> **Exercise brief**:
Nothing but the lines from the one holding "Girls Black Six Seven 67 Crop Top" through the last line of the material below should be set down, exactly and without images.

> **Information provided**:
++++++++++

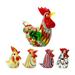 Hemoton Glass Figurine Animal Blown Rooster Chicken Statue Figurines Mini Sculpture Farm Miniature Hand Animals Statues Chick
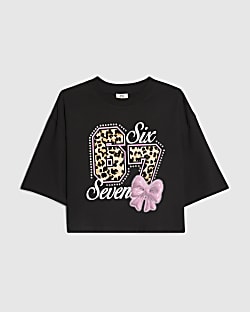 Girls Black Six Seven 67 Crop Top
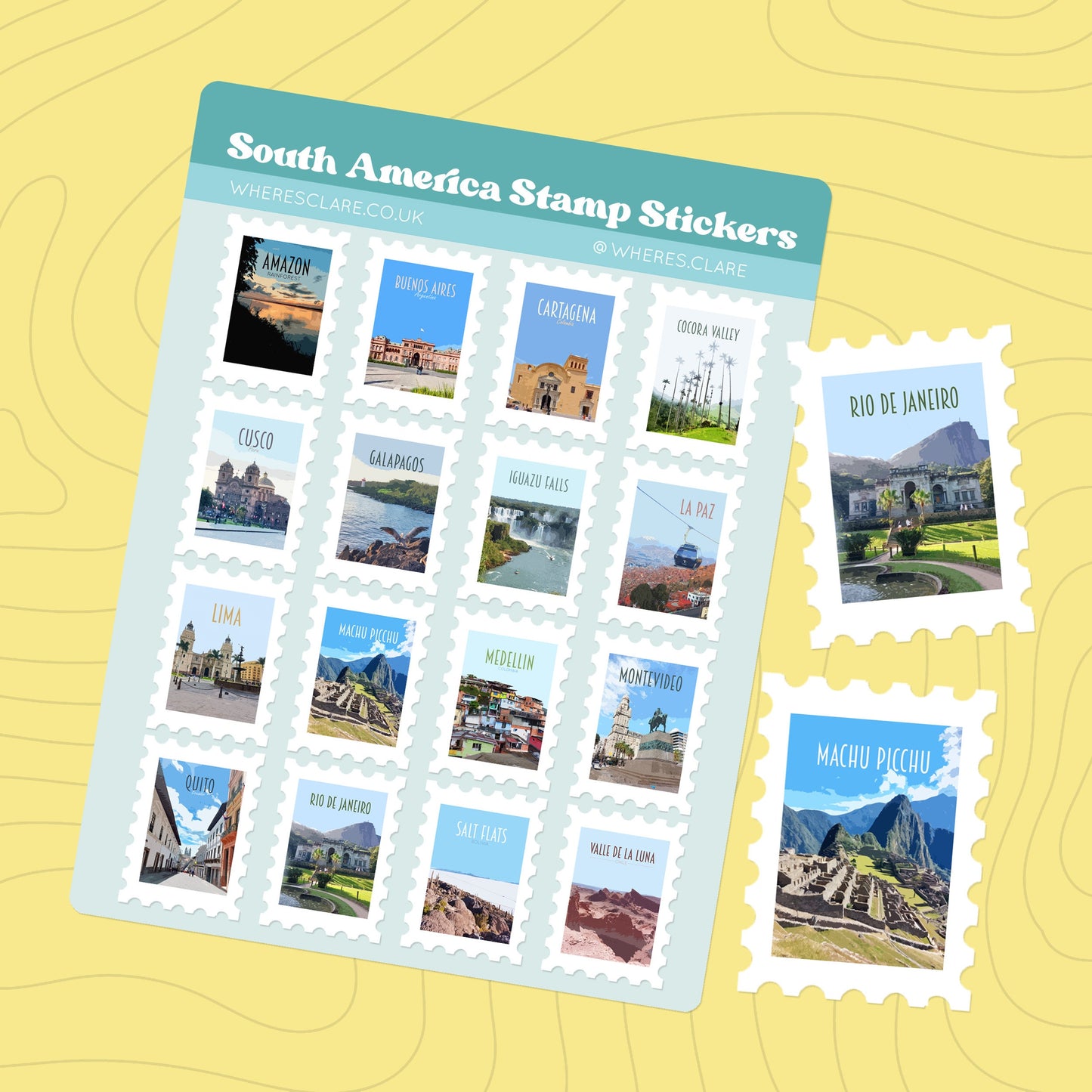 South America Stamp Sticker Sheet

++++++++++

> **Written answer**:
 Girls Black Six Seven 67 Crop Top
 South America Stamp Sticker Sheet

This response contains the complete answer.